Many ask whether there is “a one size fits all” or “what’s the best thing to do” for health, fitness and fat loss. Both traditional cardio and metabolic resistance training have their unique and different benefits, but the question is how they are different and which one is better?

Traditional Cardio

Exercises that fall under traditional cardio include running continuously at low intensity for a long duration. This form of exercise burns a lot of calories and is in the fat burning zone. So, it sounds great when you put it that way. But, there is a lot more to achieving optimal health than just weight loss.

The Danger Of Long Slog Cardio

Most people believe that the key to losing fat and getting in-shape is to spend lots of time doing long slow cardio sessions. If you don’t get a sweat then it is not a good workout!
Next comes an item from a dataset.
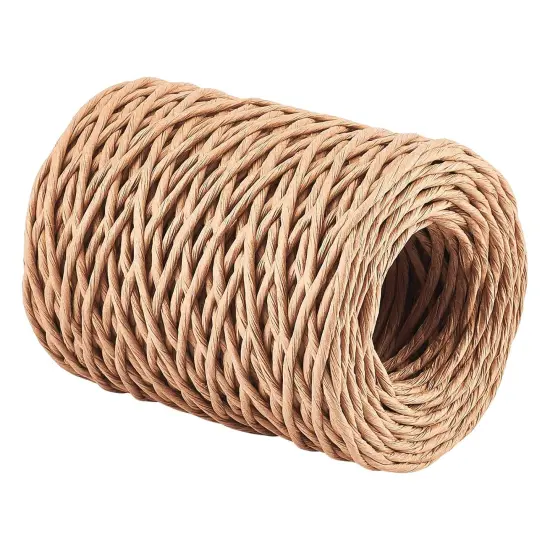 2mm 164ft(50m) Floral Iron Bind Stem Wire Paper Wrapped Rattan Rope Rustic Paper Twine for Flower Bouquets Wedding Gift Wrap Weaving Basket Vase Christmas Decoration, Light Brown {1}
Thankfully this philosophy has evolved from the calorie counting and the more calories you burn the more weight you lose concept.

I will let you in on a secret – CALORIE COUNTING DOES  NOT WORK.  The reason is hormone related. Apart from elevated cortisol (stress hormone) which suppresses anabolic hormones like testosterone that produce muscle, research has found that people who performed long slow cardio suffered from decreased T3 hormone production. T3 is the hormone produced by your thyroid to burn fat. When you do cardio, your body reacts to the stress by suppressing this fat burning hormone. This means your body starts gaining fat straight away, for the body needs the fat in order to function.

Plus, this type of training, at this intensity, won’t speed up your metabolism. Why? Well, your body is unable to add muscle, which is the single biggest factor in speeding up metabolic rate. And apart from the metabolic downsides of cardio, loss of muscle occurs. These muscles are typically needed in daily activities, occupations and sports so they need to be maintained and improved. The one benefit this training does provide is the cardiorespiratory health. But I would still prefer INTERVAL TRAINING to long slow cardio for the benefits are significantly greater and it takes much less time.

Now let’s compare traditional cardio exercises to metabolic resistance training.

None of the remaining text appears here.